N8 university wins top international award for biomedical transformational innovation


Engineers at an N8 university have received international recognition for developing a bionic hand which judges predict will have “a profound and lasting impact on society.”

 The ‘hand that sees’ was developed by biomedical engineers at Newcastle University and was selected from more than 2,000 innovations from around the world to win the prestigious 2018 Netexplo UNESCO Award in Paris.

 The prosthetic hand is fitted with a camera and can ‘see’ objects, allowing the wearer to reach for them automatically, without thinking, just like a real hand.

Funded by the Engineering and Physical Sciences Research Council (ESPRC), the hand can take a picture of an object in front of it, assess its shape and size and trigger a series of movements allowing it pick them up.

In the award nomination, the Netexplo panel said: “This bionic hand goes one step further towards symbiotic collaboration between human intention and the technical efficiency of an artificial intelligence.

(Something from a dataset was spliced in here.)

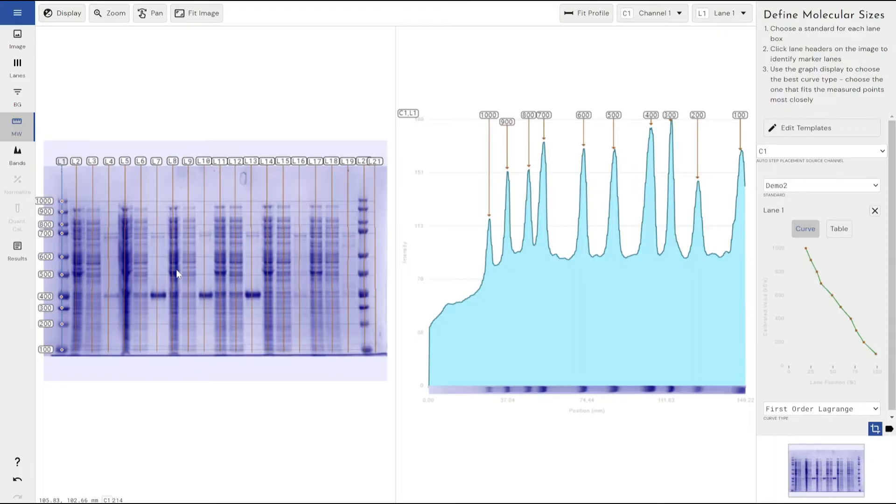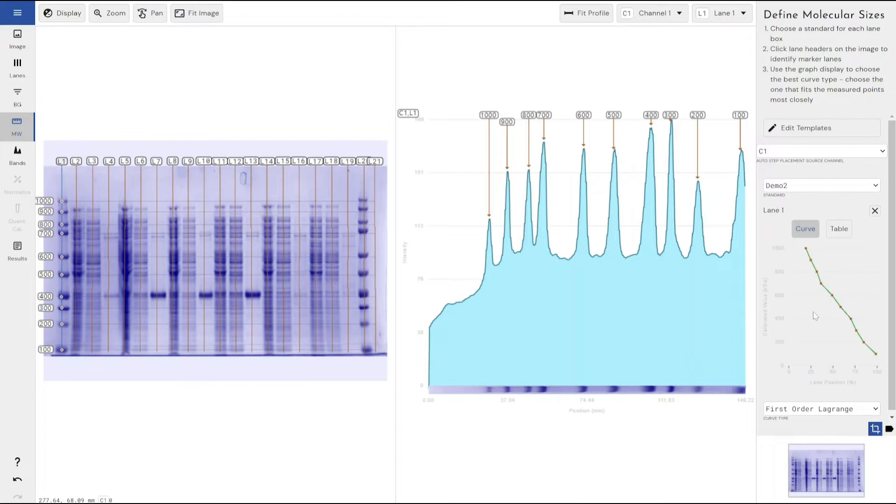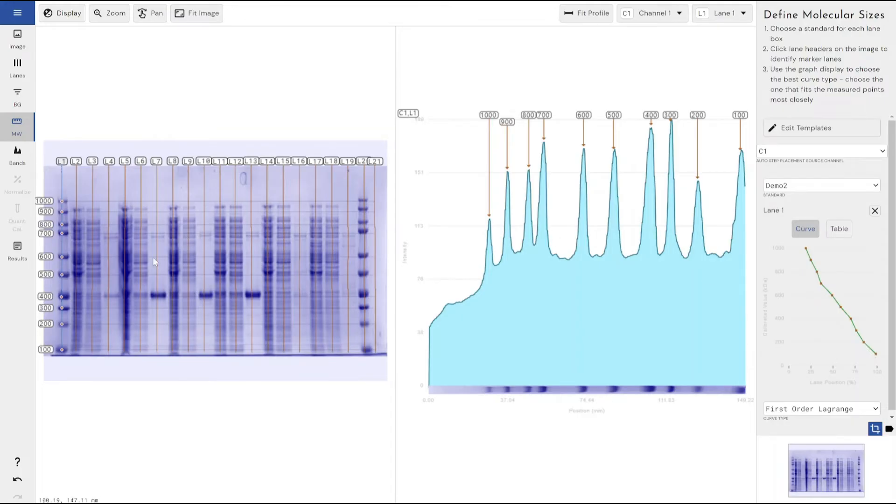Once we've performed that, once we've added the steps to the ladder, we can then come and check how smooth our line of best fit, how smooth our curve of best fit that our unknown samples, all of these bands, are going to be compared to and extrapolated from.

“The decision-making question is central here: the hand anticipated the grasp of an object even before the human formulates their intention. Beyond the obvious benefit for disabled people, an alternative application could interest industrial firms: the bionic hand could belong to an intelligent robot, capable of precise, smooth handling.”

The new technology has already been trialled by a small number of amputees. Newcastle University has partnered with experts at Newcastle-upon-Tyne Hospitals NHS Foundation Trust to offer it to patients.

Dr Kianoush Nazarpour, a reader in biomedical engineering at Newcastle University, said: “This has been a team effort and I am delighted that our technology has received this award.

“Responsiveness has been one of the main barriers to artificial limbs. For many amputees the reference point is their healthy arm or leg so prosthetics seem slow and cumbersome in comparison. Now, for the first time in a century, we have developed an ‘intuitive’ hand that can react without thinking.”